# Data section

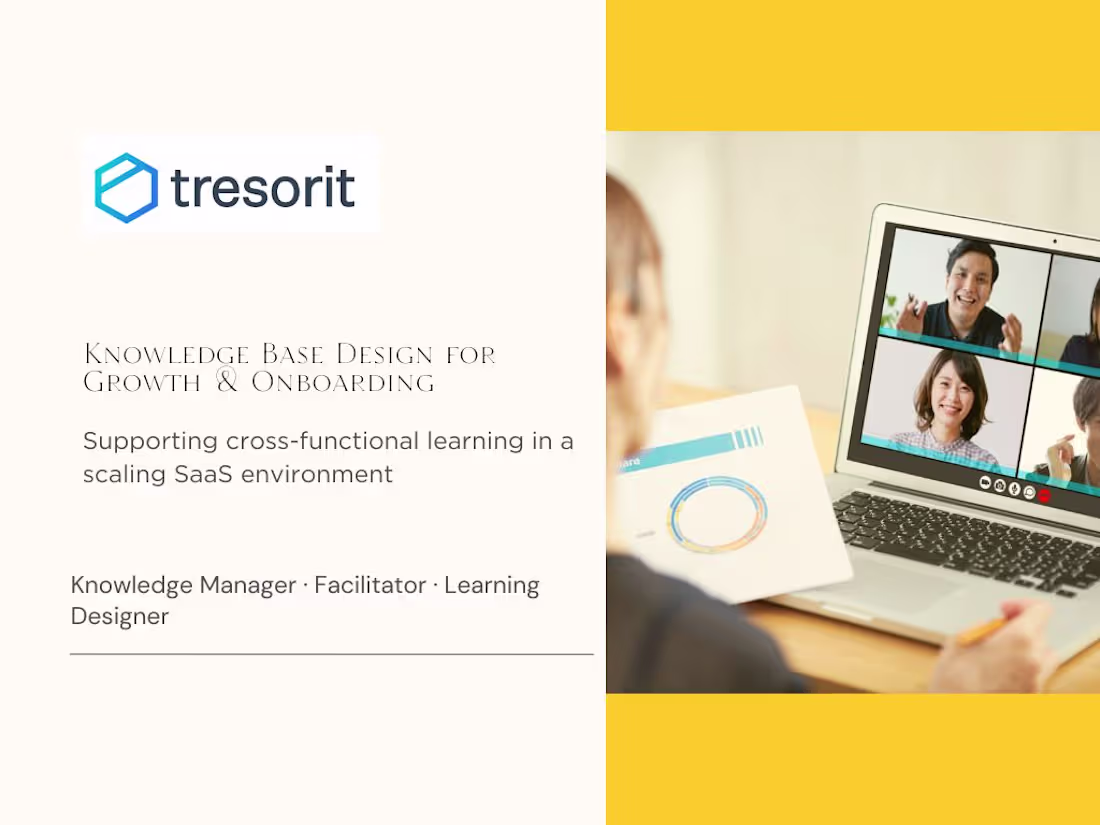 Cover image for Knowledge Base Design for Scaling & Onboarding @Tresorit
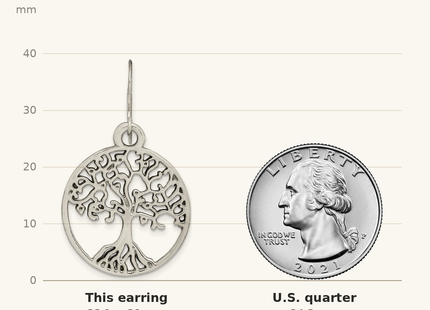 Classique True Size: Sterling Silver Tree of Life Dangle Earrings shown next to a US quarter (24.3 mm)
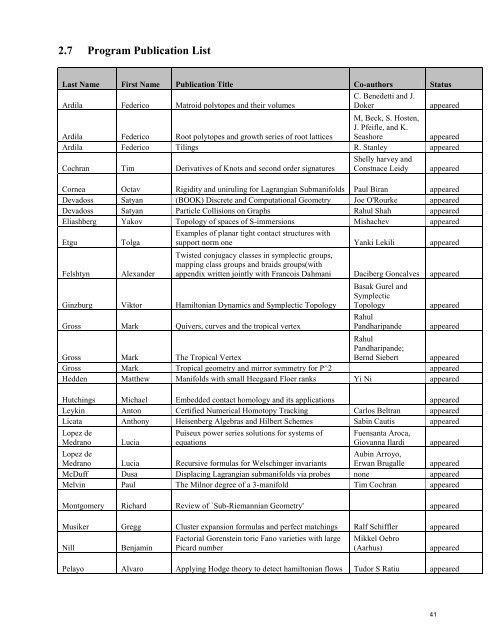 3. Postdoctoral Program - MSRI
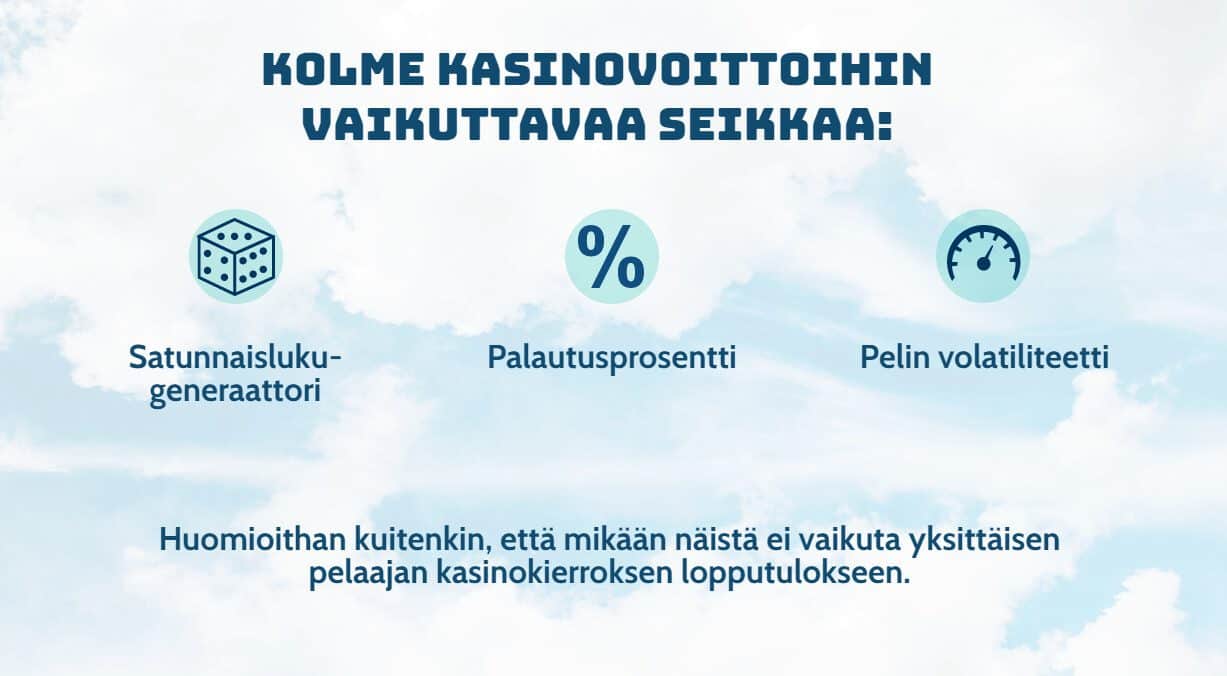 voittoihin vaikuttavat asiat nettikasinoilla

# Required action
Give back exactly the lines from the one containing "3. Postdoctoral Program - MSRI" through the last line above, both included, and none of the pictures.

# Exercise output
 3. Postdoctoral Program - MSRI
 voittoihin vaikuttavat asiat nettikasinoilla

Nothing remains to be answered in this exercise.